我正在尝试 运行 一个函数,该函数中有一个随机数生成器。结果与我预期的不一样,所以我做了以下测试:
# Case 1
set.seed(100)
A1 = matrix(NA,20,10)
for (i in 1:10) {
A1[,i] = sample(1:100,20)
}
# Case 2
set.seed(100)
A2 = sapply(seq_len(10),function(x) sample(1:100,20))
# Case 3
require(parallel)
set.seed(100)
cl <- makeCluster(detectCores() - 1)
A3 = parSapply(cl,seq_len(10), function(x) sample(1:100,20))
stopCluster(cl)
# Check: Case 1 result equals Case 2 result
identical(A1,A2)
# [1] TRUE
# Check: Case 1 result does NOT equal to Case 3 result
identical(A1,A3)
# [1] FALSE
# Check2: Would like to check if it's a matter of ordering
range(rowSums(A1))
# [1] 319 704
range(rowSums(A3))
# [1] 288 612
在上面的代码中,parSapply 生成了一组与 A1 和 A2 不同的随机数。我拥有 Check2 的目的是,我怀疑 parSapply 可能会改变顺序,但似乎并非如此,因为这些随机数的最大和最小总和不同。
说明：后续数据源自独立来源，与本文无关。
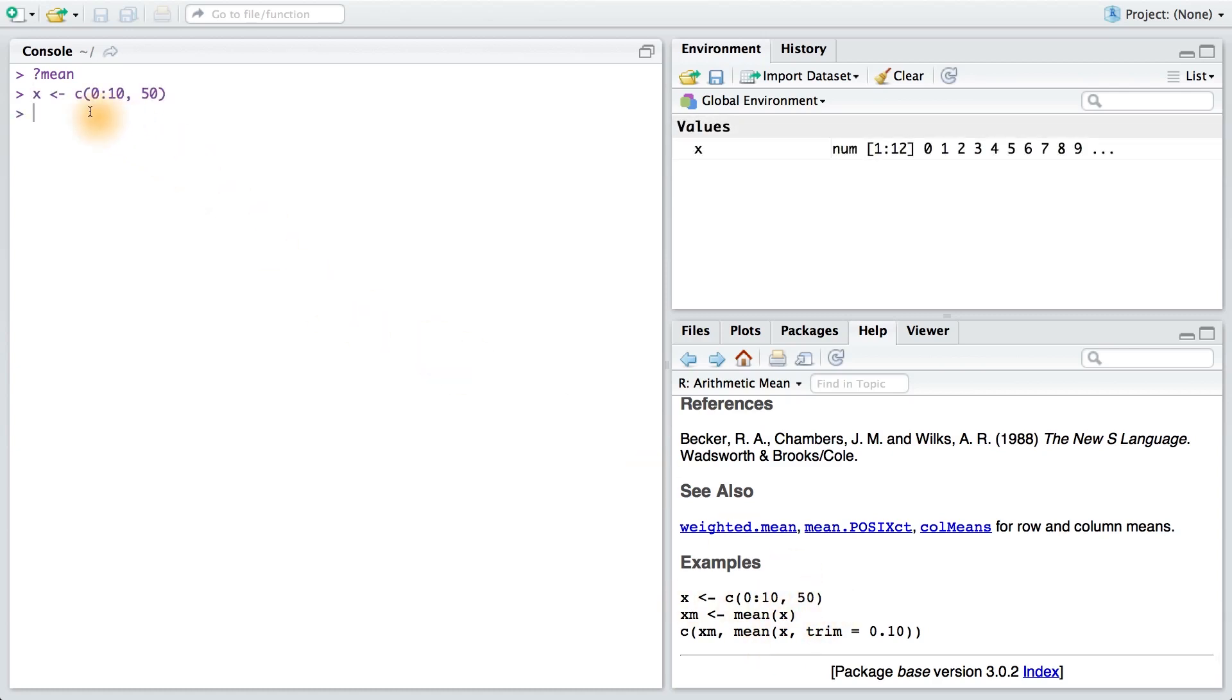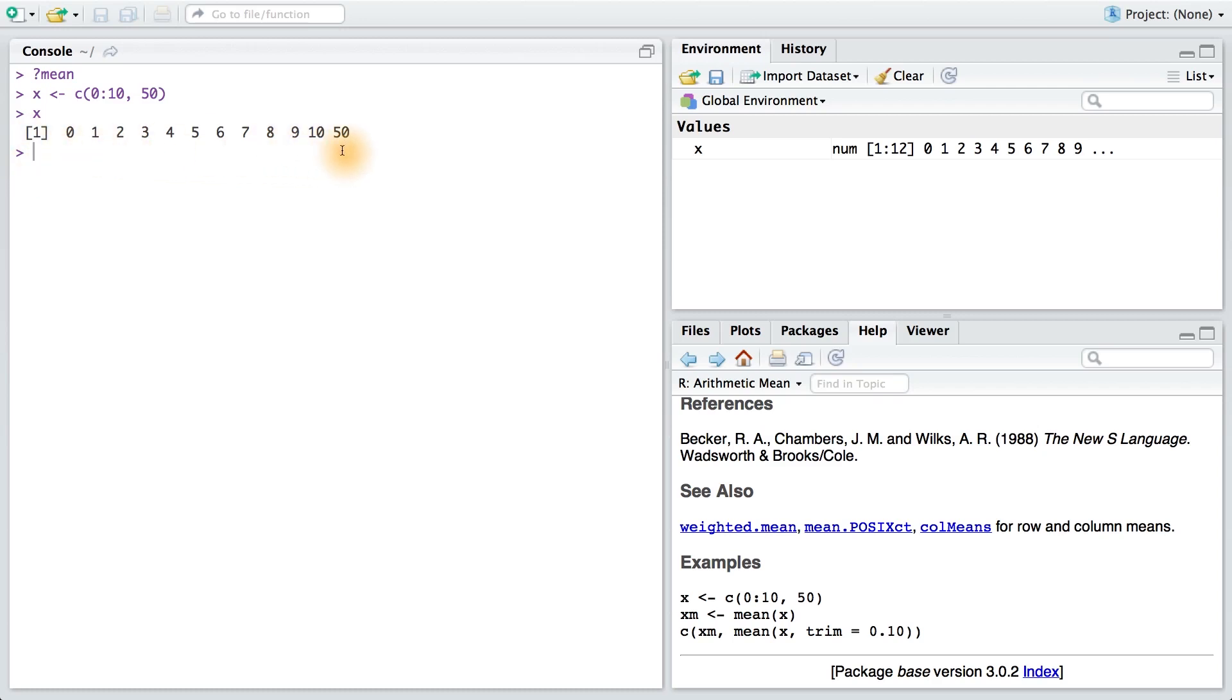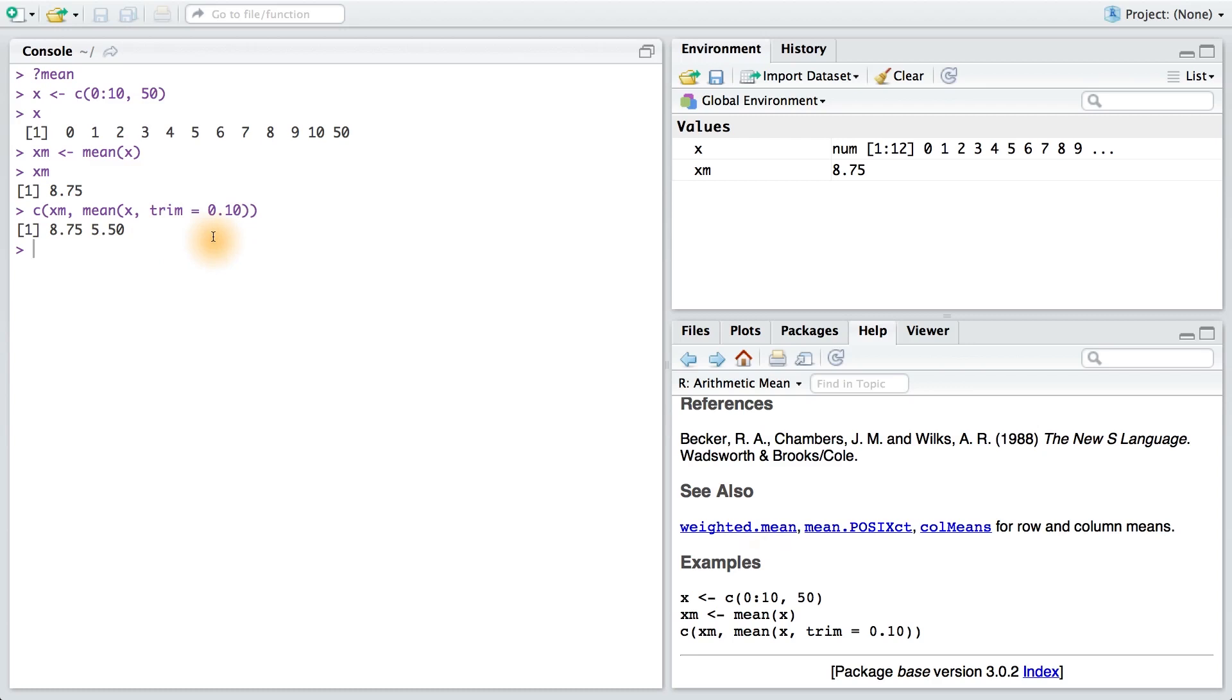I can copy and paste these into the console and press enter to see what the function does. Here I created something called x. And then if I hit x in the console, I can see what this is. This is just a vector of numbers, 0 to 10 and then the number 50. I can take the mean of x and print it out. And finally, I have some sort of trim parameter. Maybe you can figure out what this does.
感谢是否有人可以说明为什么 parSapply 会给出与 sapply 不同的结果。我在这里错过了什么?
提前致谢!
看看 ?vignette(parallel),尤其是 "Section 6 Random-number generation"。除其他事项外,它还规定了以下内容
Some care is needed with parallel computation using (pseudo-)random numbers: the processes/threads which run separate parts of the computation need to run independent (and preferably reproducible) random-number streams.
When an R process is started up it takes the random-number seed from the object .Random.seed in a saved workspace or constructs one from the clock time and process ID when random-number generation is first used (see the help on RNG). Thus worker processes might get the same seed because a workspace containing .Random.seed was restored or the random number generator has been used before forking: otherwise these get a non-reproducible seed (but with very high probability a different seed for each worker).
您还应该看看 ?clusterSetRNGStream。